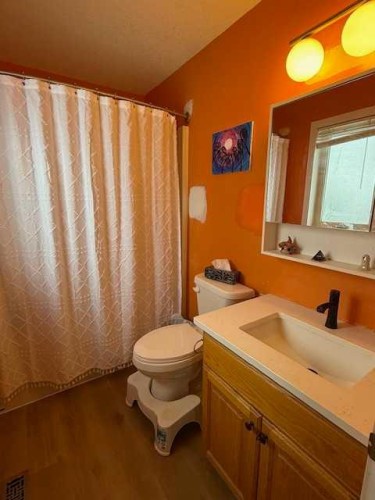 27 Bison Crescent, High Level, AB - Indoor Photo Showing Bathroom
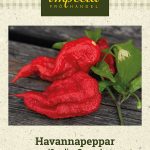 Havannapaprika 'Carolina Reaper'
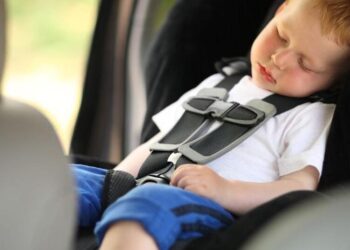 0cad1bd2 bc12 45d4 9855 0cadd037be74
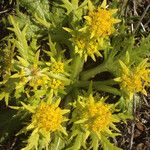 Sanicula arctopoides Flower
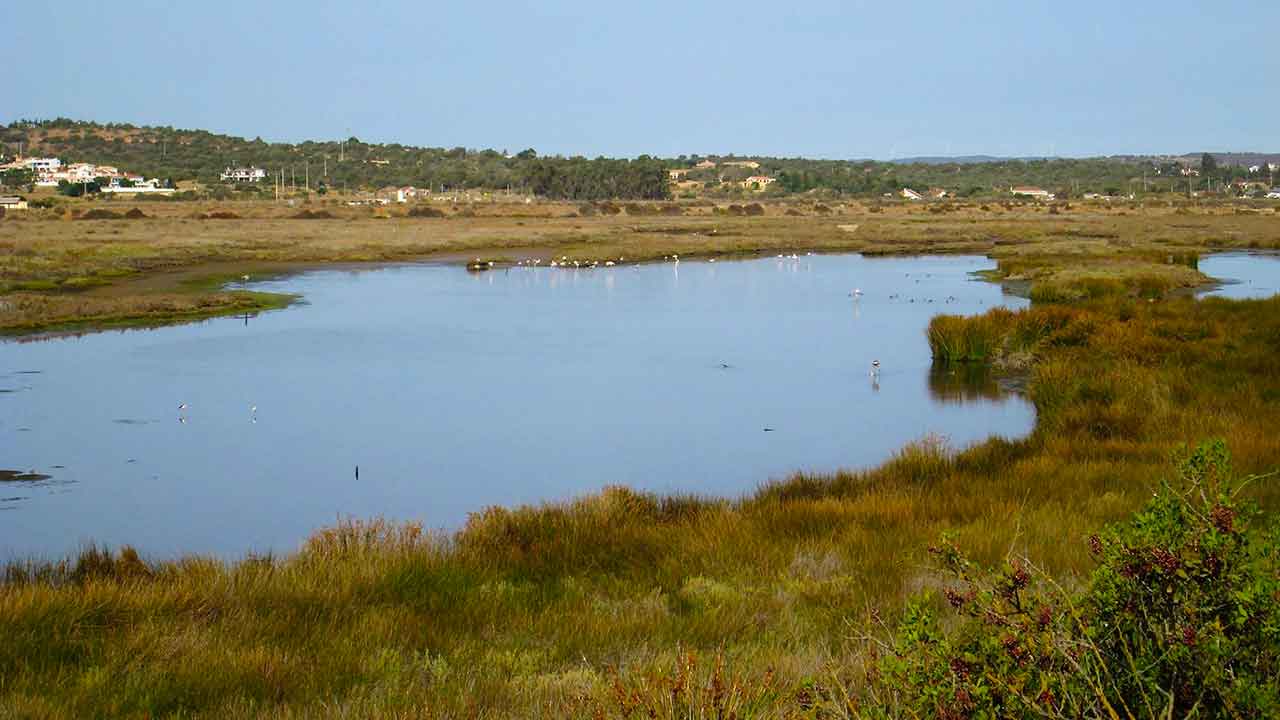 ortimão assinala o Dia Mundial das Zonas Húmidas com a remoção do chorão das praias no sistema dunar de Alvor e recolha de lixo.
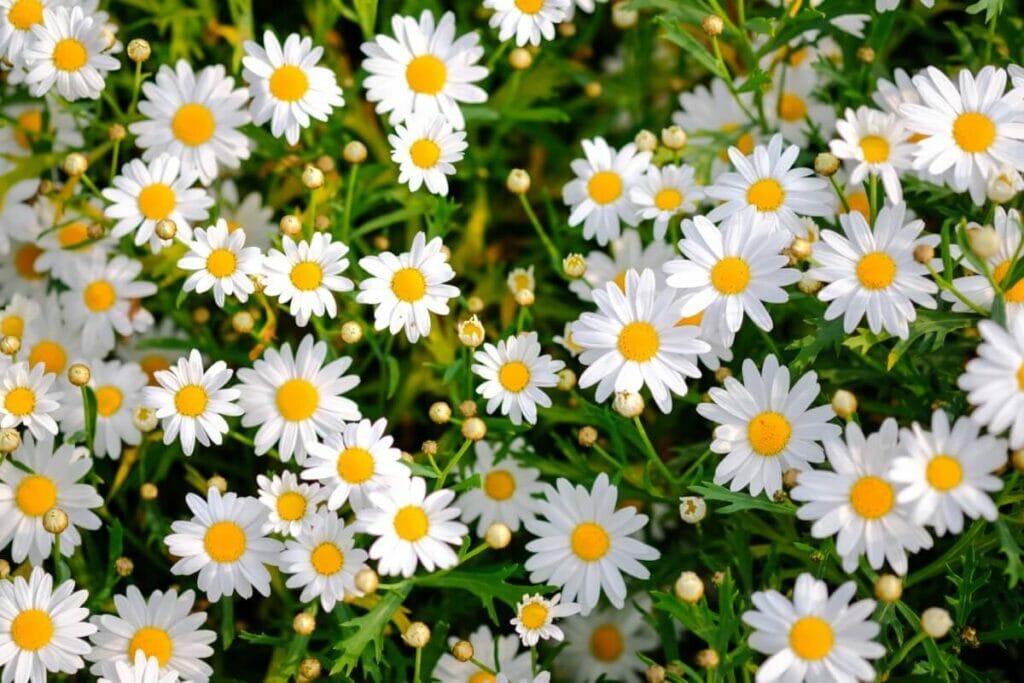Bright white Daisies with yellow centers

● ● ● ● ●

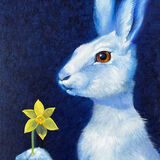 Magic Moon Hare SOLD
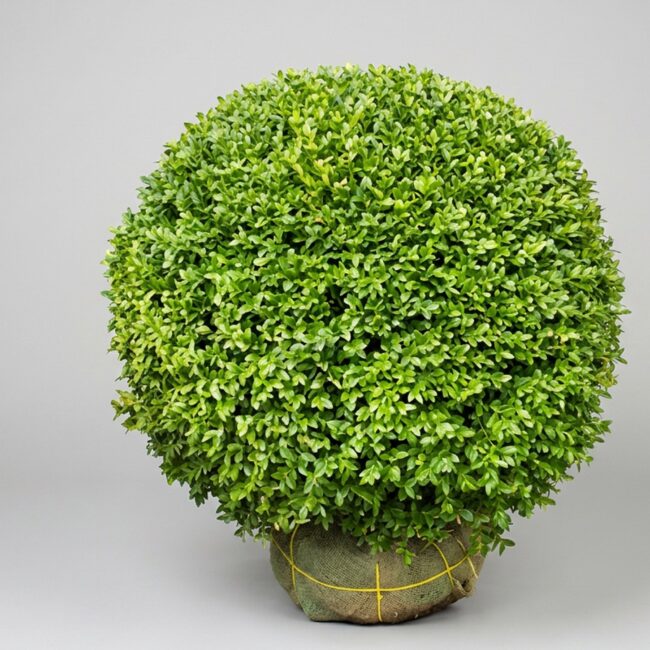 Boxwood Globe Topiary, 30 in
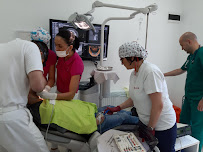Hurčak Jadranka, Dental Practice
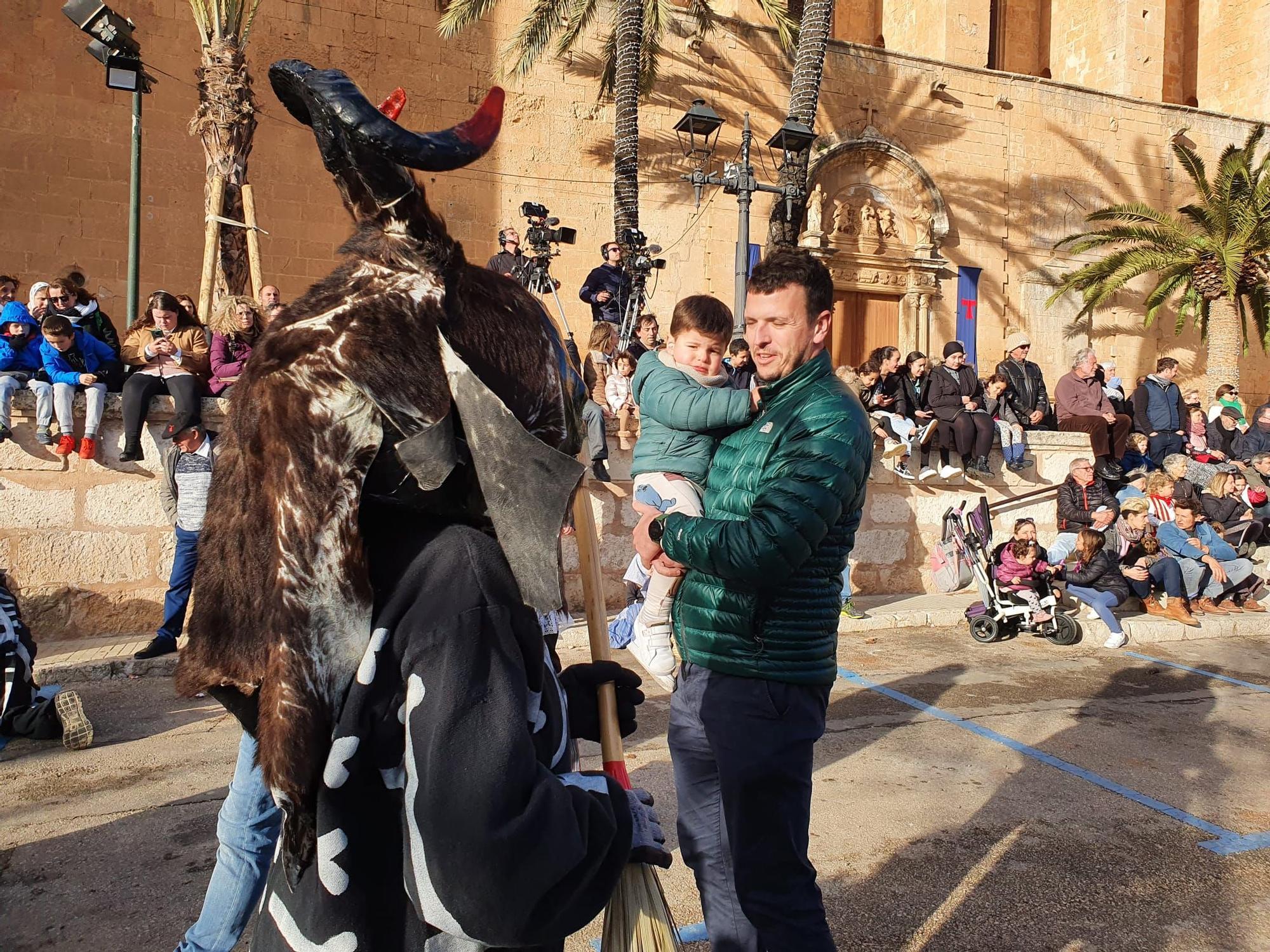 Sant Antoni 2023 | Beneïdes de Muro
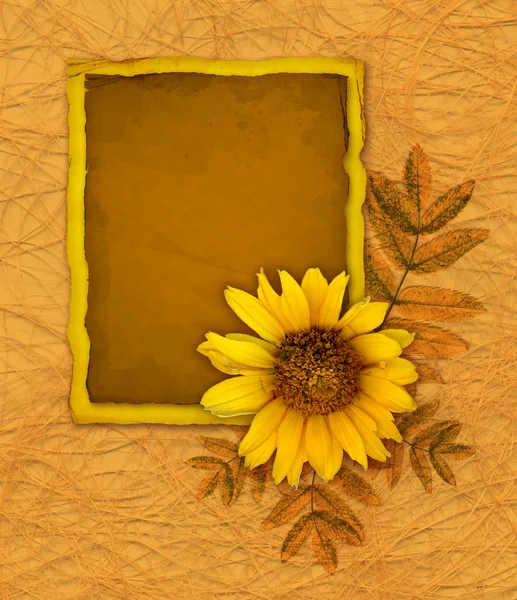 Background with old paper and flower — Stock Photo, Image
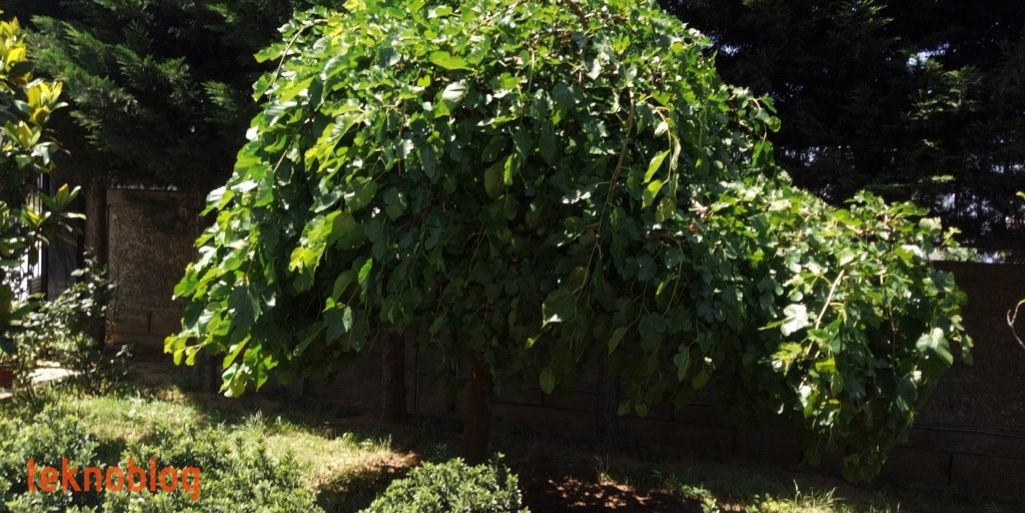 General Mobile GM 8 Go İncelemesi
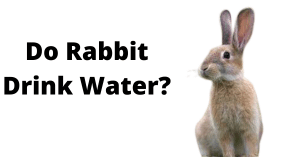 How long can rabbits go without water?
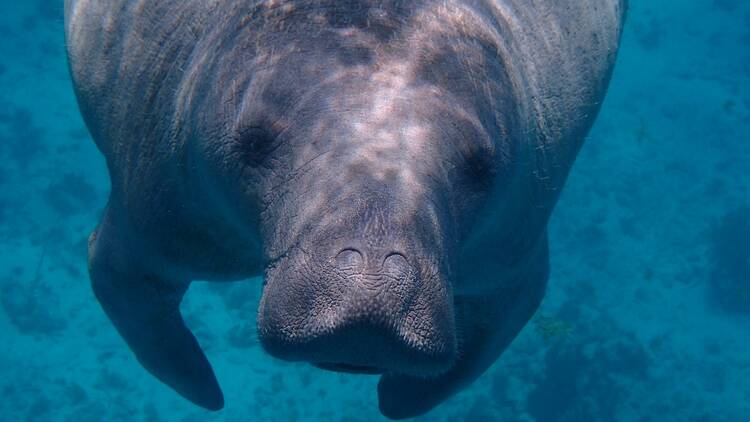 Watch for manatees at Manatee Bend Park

● ● ● ● ●

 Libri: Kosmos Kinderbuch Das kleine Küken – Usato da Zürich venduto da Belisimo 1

● ● ● ● ●

Above are the records. Copy word for word only their lines from the one holding "General Mobile GM 8 Go İncelemesi" through the one holding "Watch for manatees at Manatee Bend Park", both included, and skip the images.

* SOLUTION TO THE PROBLEM:
 General Mobile GM 8 Go İncelemesi
 How long can rabbits go without water?
 Watch for manatees at Manatee Bend Park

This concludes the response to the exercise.